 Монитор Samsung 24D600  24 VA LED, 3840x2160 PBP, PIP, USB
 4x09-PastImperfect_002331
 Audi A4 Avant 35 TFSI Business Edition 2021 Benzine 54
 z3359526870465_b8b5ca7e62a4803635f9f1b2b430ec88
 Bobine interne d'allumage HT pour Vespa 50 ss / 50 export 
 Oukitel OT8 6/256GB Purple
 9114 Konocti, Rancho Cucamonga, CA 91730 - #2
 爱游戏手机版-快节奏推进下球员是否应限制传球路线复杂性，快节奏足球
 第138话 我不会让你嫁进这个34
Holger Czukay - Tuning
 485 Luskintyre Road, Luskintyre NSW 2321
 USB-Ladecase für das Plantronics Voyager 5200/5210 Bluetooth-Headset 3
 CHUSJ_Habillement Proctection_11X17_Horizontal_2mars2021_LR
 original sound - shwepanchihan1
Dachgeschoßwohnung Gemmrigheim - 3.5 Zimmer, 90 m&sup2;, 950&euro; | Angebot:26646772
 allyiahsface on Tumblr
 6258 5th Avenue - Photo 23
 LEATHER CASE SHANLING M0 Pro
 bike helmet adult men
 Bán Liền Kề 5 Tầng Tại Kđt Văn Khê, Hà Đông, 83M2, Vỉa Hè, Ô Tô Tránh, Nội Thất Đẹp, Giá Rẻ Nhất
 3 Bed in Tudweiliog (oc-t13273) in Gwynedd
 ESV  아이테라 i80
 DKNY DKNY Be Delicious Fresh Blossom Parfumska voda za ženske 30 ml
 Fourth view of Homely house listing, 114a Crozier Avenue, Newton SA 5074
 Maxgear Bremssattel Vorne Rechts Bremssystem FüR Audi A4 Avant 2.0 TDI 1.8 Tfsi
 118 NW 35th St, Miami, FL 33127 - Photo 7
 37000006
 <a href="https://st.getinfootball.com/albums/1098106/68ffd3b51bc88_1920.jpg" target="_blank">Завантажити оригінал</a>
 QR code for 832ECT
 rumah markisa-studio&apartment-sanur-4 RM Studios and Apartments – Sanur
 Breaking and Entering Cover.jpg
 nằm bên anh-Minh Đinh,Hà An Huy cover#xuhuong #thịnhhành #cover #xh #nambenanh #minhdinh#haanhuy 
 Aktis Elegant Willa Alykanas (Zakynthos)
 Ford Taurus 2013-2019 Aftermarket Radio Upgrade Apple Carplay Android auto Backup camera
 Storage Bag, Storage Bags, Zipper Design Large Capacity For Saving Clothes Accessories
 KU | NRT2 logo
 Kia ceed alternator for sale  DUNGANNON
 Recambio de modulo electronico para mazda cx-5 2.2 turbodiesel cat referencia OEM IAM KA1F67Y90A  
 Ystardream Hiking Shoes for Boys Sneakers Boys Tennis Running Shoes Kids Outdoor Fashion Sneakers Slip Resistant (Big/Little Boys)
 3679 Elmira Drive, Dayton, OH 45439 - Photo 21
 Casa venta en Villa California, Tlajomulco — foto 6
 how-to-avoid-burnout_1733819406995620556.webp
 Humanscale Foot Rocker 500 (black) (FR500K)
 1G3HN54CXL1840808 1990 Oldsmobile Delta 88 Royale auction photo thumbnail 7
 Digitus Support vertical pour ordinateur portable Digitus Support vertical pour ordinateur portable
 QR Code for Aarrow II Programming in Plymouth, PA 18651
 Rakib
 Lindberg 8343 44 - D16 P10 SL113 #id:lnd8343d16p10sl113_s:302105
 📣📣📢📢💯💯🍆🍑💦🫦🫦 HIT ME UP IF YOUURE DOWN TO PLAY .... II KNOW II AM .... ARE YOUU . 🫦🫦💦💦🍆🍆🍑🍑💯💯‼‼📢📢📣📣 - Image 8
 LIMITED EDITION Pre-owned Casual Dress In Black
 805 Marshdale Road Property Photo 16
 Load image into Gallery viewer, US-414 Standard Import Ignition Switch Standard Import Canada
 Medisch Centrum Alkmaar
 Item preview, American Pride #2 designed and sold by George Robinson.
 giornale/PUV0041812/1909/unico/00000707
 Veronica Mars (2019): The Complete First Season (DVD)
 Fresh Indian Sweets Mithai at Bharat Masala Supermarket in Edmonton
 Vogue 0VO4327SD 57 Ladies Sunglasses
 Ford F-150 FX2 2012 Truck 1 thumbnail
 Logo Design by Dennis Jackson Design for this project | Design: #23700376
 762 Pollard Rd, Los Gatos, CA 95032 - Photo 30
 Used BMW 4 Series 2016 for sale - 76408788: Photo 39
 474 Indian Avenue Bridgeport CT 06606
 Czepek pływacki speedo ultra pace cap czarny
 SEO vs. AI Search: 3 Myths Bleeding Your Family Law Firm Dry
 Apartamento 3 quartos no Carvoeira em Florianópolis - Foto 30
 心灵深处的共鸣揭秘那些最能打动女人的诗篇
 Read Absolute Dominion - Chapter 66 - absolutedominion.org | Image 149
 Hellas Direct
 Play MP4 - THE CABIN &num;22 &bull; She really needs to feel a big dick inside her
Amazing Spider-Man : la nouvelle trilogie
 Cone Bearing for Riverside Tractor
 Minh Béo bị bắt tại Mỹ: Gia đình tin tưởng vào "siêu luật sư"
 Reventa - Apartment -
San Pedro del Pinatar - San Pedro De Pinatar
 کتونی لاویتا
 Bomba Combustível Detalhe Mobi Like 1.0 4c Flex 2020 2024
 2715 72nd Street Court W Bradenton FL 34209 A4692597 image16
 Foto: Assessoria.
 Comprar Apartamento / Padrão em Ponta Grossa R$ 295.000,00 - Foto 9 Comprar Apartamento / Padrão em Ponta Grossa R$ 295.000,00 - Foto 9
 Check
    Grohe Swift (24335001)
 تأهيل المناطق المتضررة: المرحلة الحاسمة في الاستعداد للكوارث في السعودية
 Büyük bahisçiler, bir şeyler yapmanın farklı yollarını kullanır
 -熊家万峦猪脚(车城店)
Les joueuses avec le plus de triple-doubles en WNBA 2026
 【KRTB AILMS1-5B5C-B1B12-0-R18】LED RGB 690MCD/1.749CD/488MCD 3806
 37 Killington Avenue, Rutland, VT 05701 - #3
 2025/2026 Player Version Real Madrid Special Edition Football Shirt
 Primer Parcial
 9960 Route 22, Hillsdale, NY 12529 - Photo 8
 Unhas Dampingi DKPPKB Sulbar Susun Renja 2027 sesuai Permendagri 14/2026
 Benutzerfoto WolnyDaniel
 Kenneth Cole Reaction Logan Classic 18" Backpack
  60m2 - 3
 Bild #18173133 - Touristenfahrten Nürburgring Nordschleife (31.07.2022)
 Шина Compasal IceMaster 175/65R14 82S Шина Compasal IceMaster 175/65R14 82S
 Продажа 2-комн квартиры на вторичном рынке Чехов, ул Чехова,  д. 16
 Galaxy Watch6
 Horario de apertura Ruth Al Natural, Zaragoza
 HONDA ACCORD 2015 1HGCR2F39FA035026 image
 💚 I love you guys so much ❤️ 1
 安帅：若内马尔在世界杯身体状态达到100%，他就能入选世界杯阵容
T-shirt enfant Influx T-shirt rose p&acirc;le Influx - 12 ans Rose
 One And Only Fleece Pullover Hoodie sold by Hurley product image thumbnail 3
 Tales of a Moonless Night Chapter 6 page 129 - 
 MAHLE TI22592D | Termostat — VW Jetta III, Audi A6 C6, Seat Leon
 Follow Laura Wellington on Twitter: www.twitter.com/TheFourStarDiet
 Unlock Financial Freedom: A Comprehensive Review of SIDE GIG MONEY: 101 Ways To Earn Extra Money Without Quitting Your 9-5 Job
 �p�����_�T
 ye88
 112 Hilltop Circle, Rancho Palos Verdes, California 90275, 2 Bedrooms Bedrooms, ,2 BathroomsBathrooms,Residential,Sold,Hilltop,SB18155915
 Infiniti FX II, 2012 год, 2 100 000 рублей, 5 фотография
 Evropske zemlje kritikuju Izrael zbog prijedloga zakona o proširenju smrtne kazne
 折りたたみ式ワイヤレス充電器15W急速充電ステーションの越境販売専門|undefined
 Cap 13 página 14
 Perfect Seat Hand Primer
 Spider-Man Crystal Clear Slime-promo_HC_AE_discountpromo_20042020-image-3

**Assigned task**. Print the lines of the material, exactly and only, from the line that contains "Evropske zemlje kritikuju" down to and including the final line.

**Answer area**.
 Evropske zemlje kritikuju Izrael zbog prijedloga zakona o proširenju smrtne kazne
 折りたたみ式ワイヤレス充電器15W急速充電ステーションの越境販売専門|undefined
 Cap 13 página 14
 Perfect Seat Hand Primer
 Spider-Man Crystal Clear Slime-promo_HC_AE_discountpromo_20042020-image-3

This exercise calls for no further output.